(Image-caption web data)
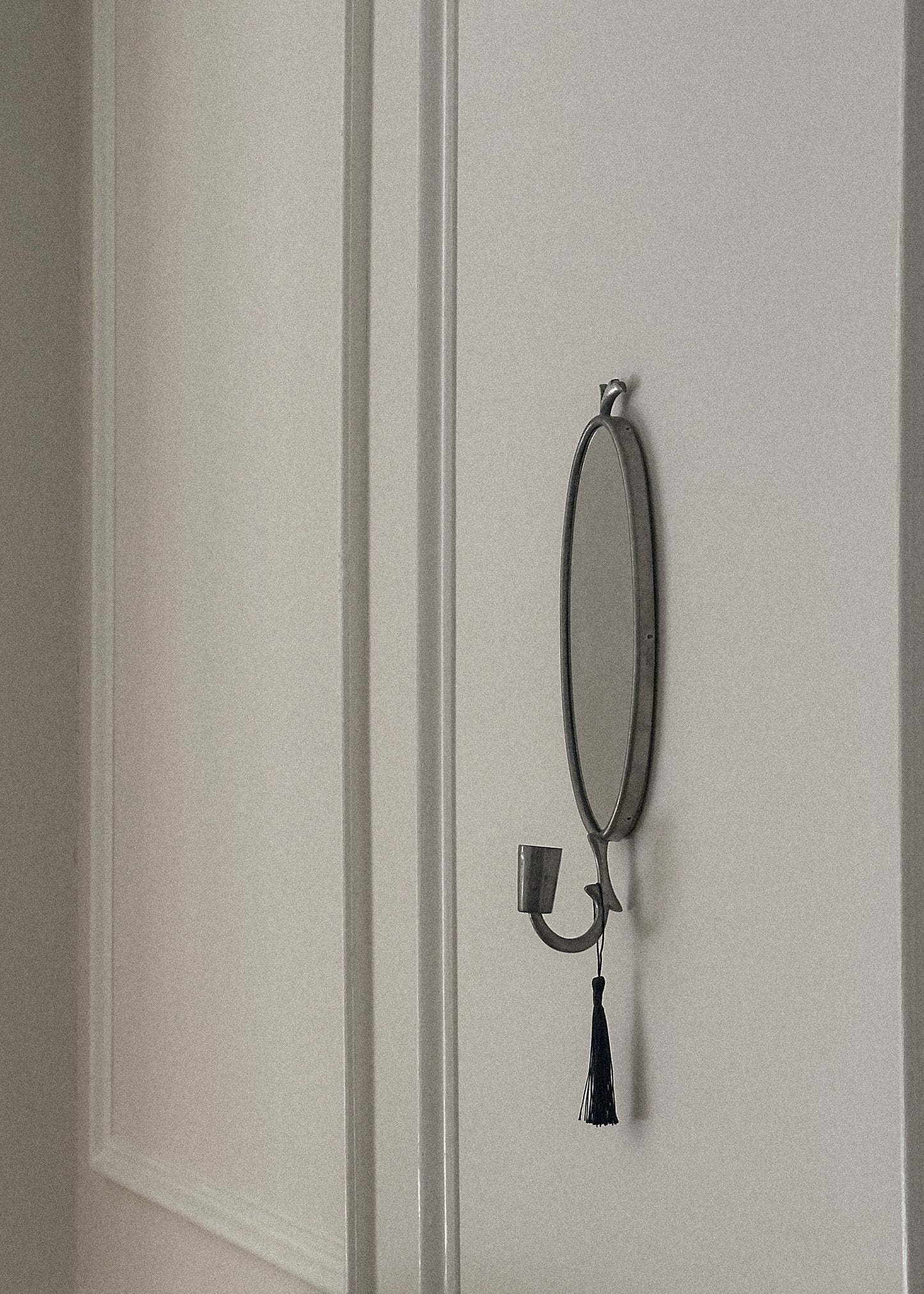 Pewter Mirrored Candle Sconce 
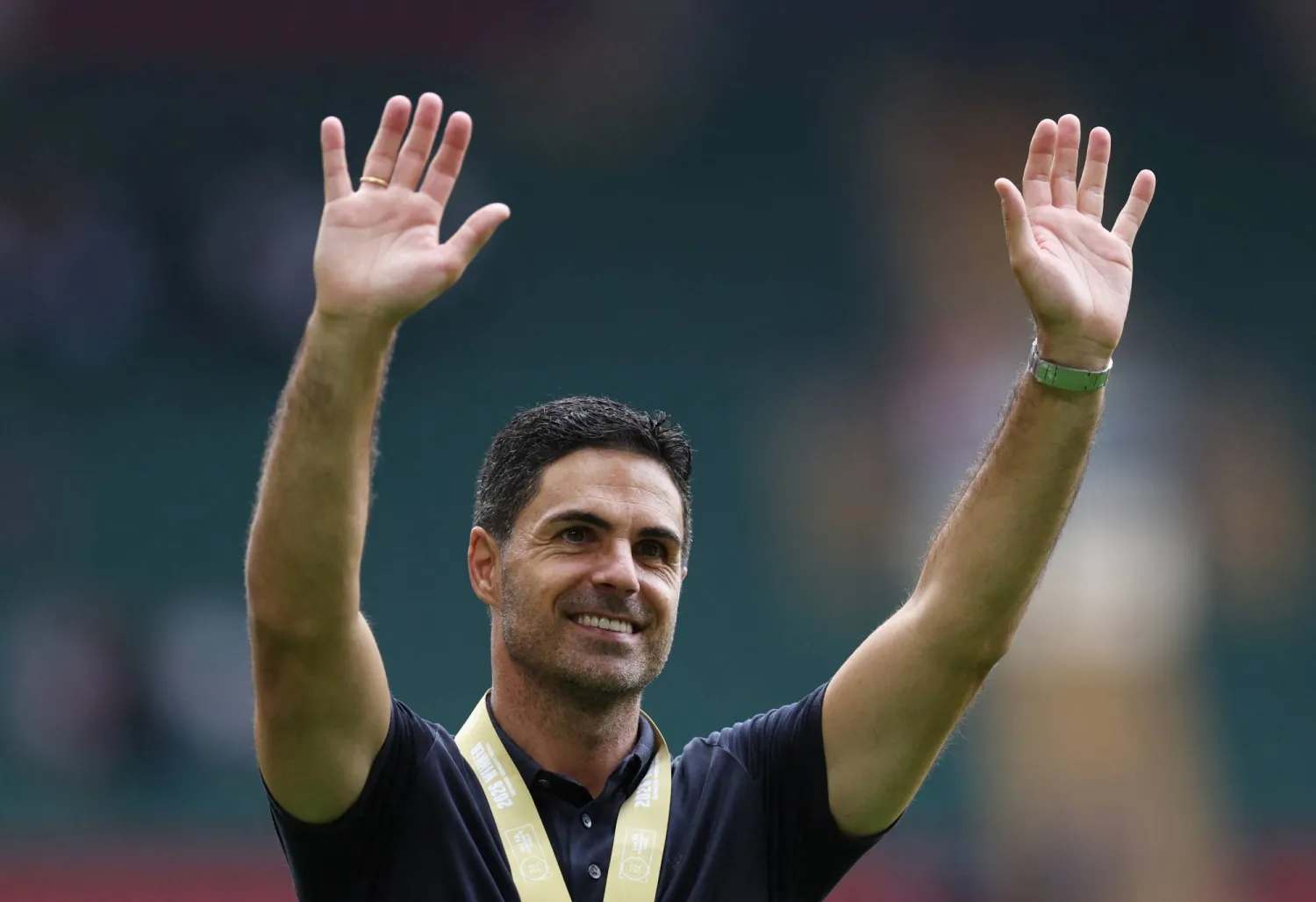 Football - FA Community Shield - Arsenal v Manchester City - Principality Stadium, Cardiff, Wales, Britain - August 16, 2026 Arsenal manager Mikel Arteta celebrates after winning the FA Community Shield. (Reuters) 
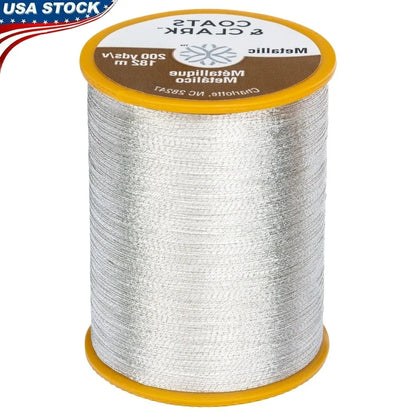Metallic Silver Embroidery Thread 200 Yards 40 Weight for Computerized Sewing Machines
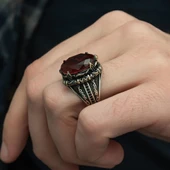 Kırmızı ParaibaTaşlı 925 Gümüş Erkek Yüzük thumbnail 6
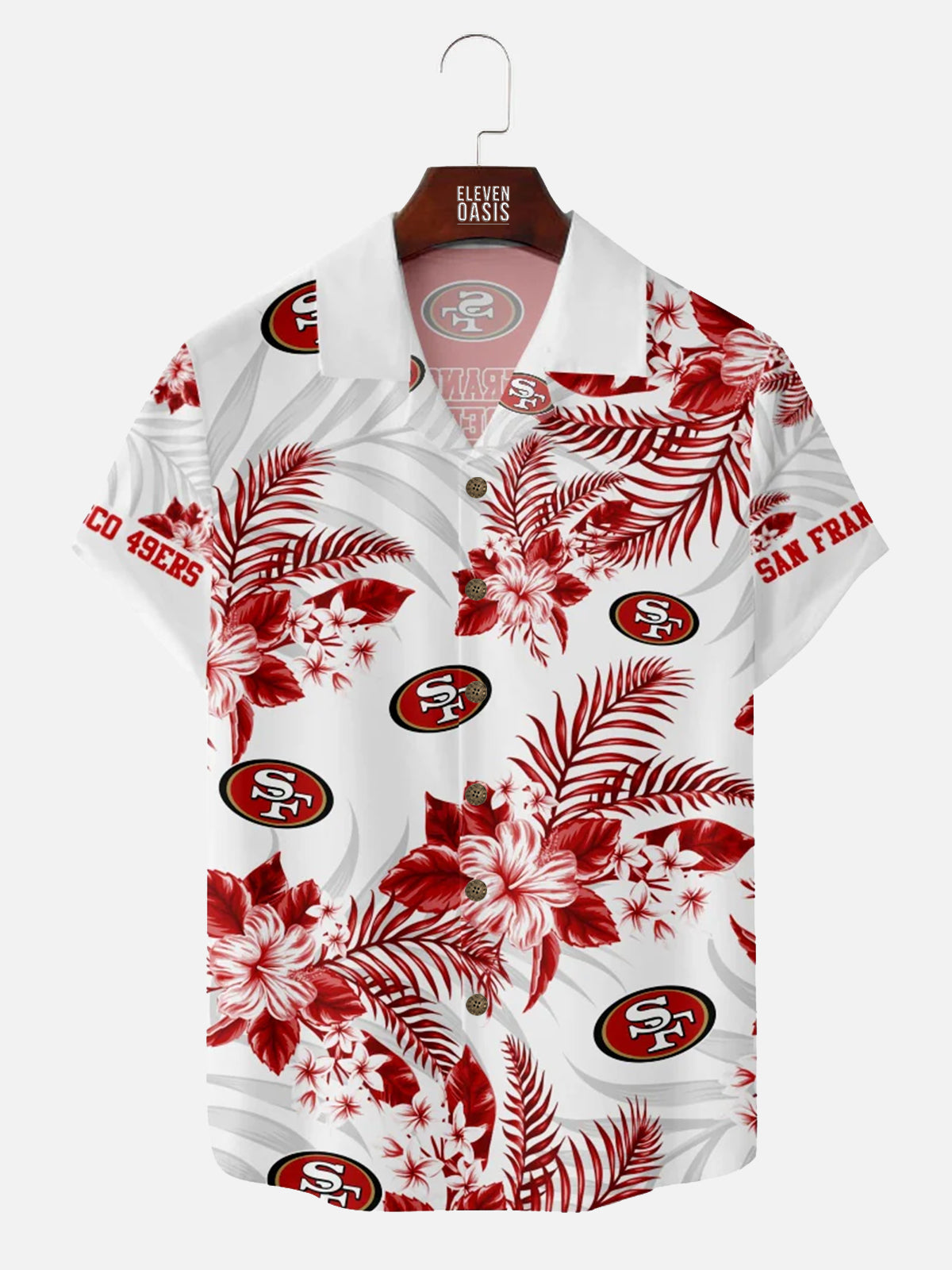 San Francisco 49Ers American Football Hawaiian Print Short Sleeve Shirt , Halloween Outfits, White Lie Shirts, Fall Shirts, Family Christmas Shirts, Fall Outfits Women - Premium Styles Kittyband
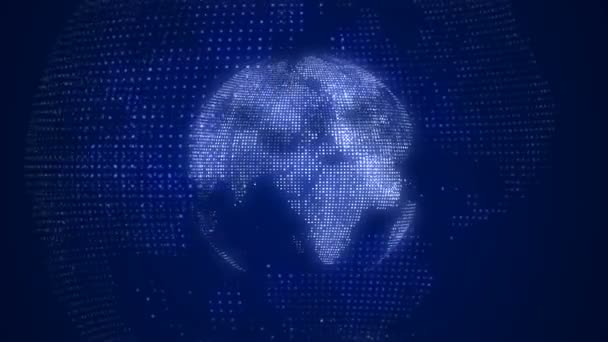 グローバル技術世界地図、平らな地球、地球世界のアイコン、3 d レンダリングの背景 — ストック動画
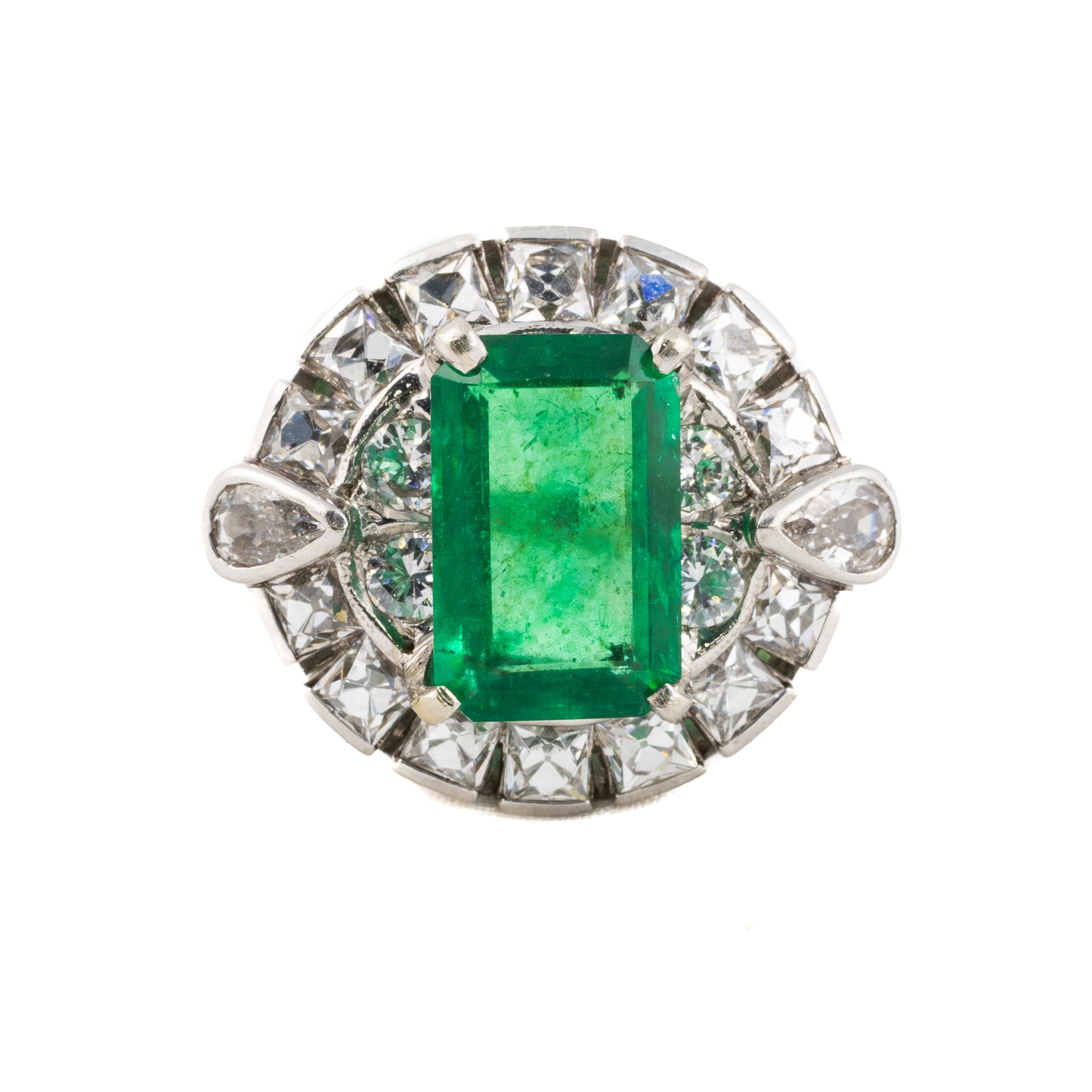 Vintage Emerald and Diamond White Gold Cocktail Ring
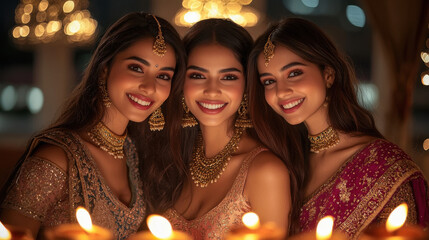 Wall Mural - three smiling Indian women with flawless makeup and elegance. The models are posing in a luxurious setting with warm lighting, surrounded by softly glowing diyas.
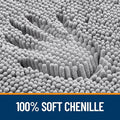 Bath Rugs, 59 x 20 Inch Grey Chenille Bath Mat with Rubber Backing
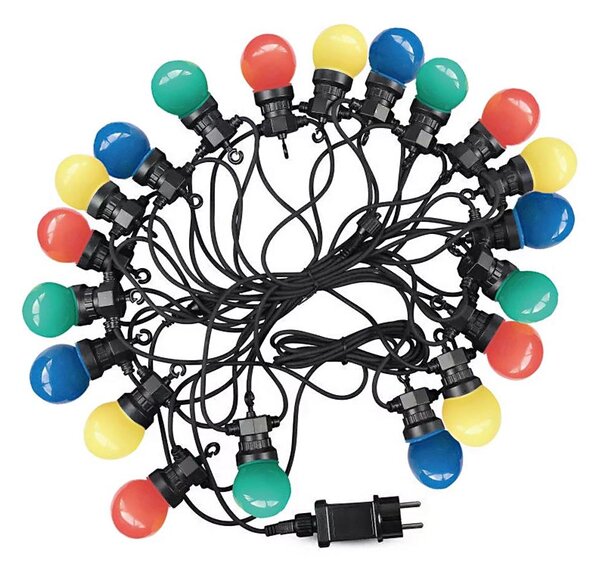 LED Vonkajšia reťaz STRING RGB 10m 20xLED/0,5W/230V IP44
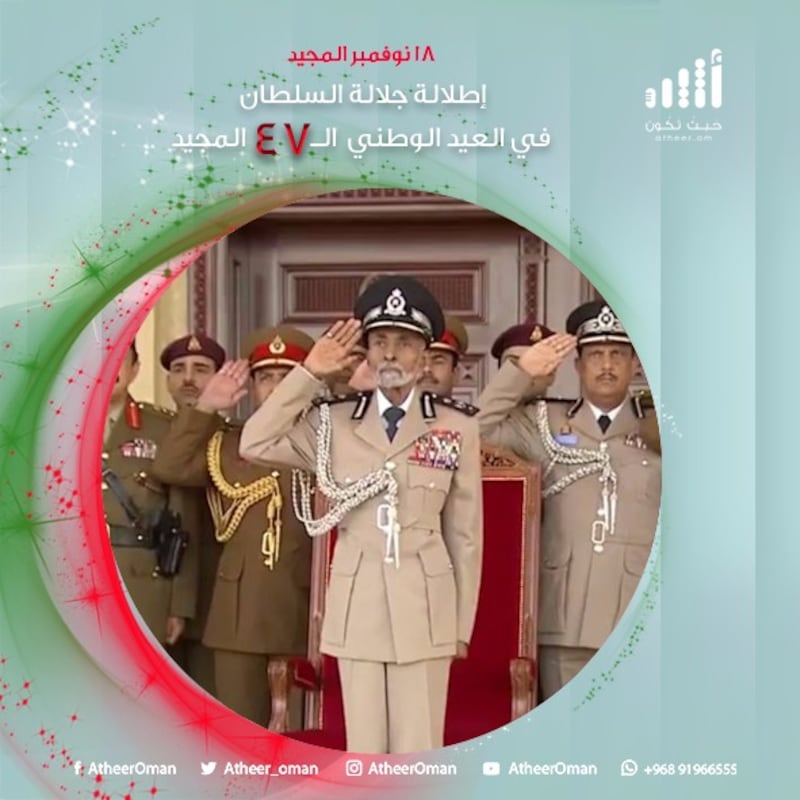 بالصور: إطلالة جلالة السلطان في الاستعراض العسكري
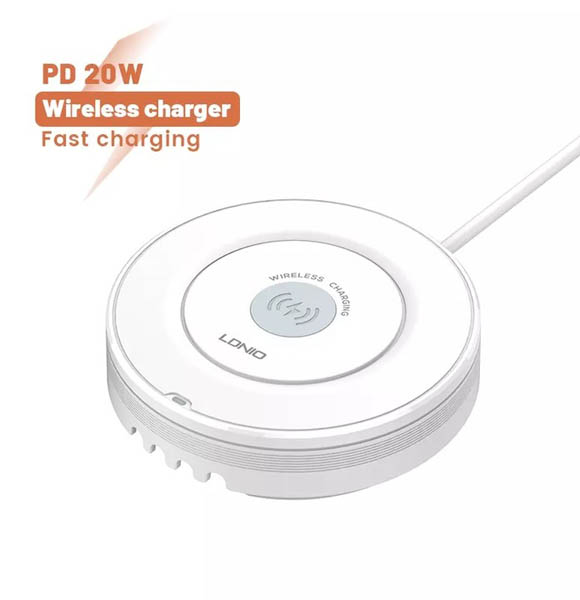 LDNIO AW003 32W Desktop Charger 15W Wireless Charger PD 20W Mobile Phone Fast Charging Round Adaptive 4 USB Charger (H&G)
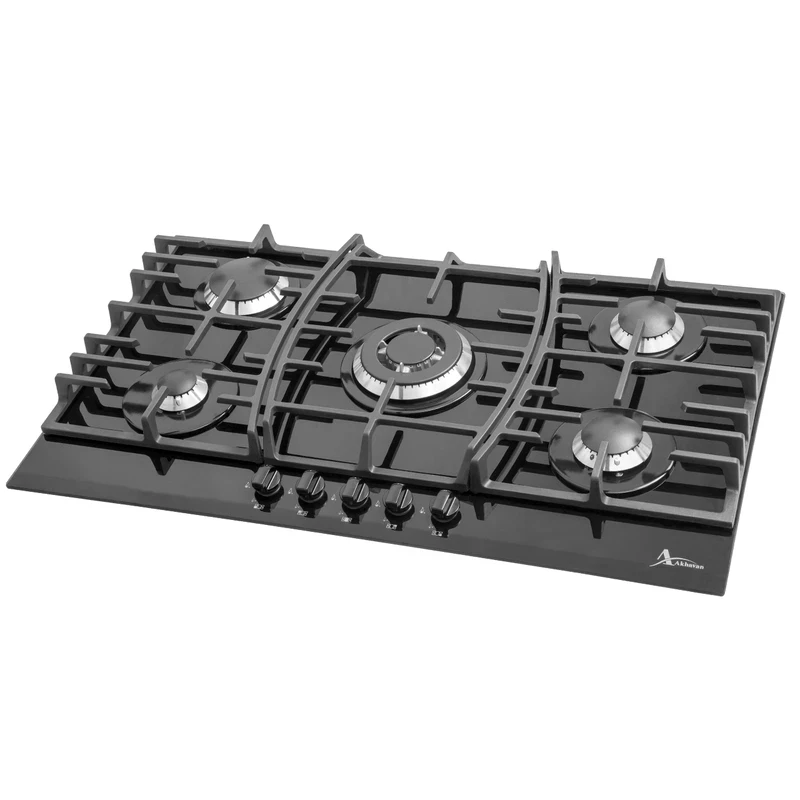 اجاق گاز صفحه‌ای 5 شعله اخوان مدل V25-مشکی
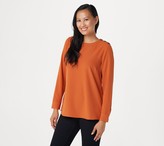 Thumbnail for your product : Denim & Co. Luxe Stretch Solid Snap Shoulder Blouse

Work task
Every line from the one with "San Francisco 49Ers" through the one with "Wall Mural - three" is to be reproduced exactly as written above, and the pictures are to be dropped.

Expected answer
 San Francisco 49Ers American Football Hawaiian Print Short Sleeve Shirt , Halloween Outfits, White Lie Shirts, Fall Shirts, Family Christmas Shirts, Fall Outfits Women - Premium Styles Kittyband
 グローバル技術世界地図、平らな地球、地球世界のアイコン、3 d レンダリングの背景 — ストック動画
 Vintage Emerald and Diamond White Gold Cocktail Ring
 Wall Mural - three smiling Indian women with flawless makeup and elegance. The models are posing in a luxurious setting with warm lighting, surrounded by softly glowing diyas.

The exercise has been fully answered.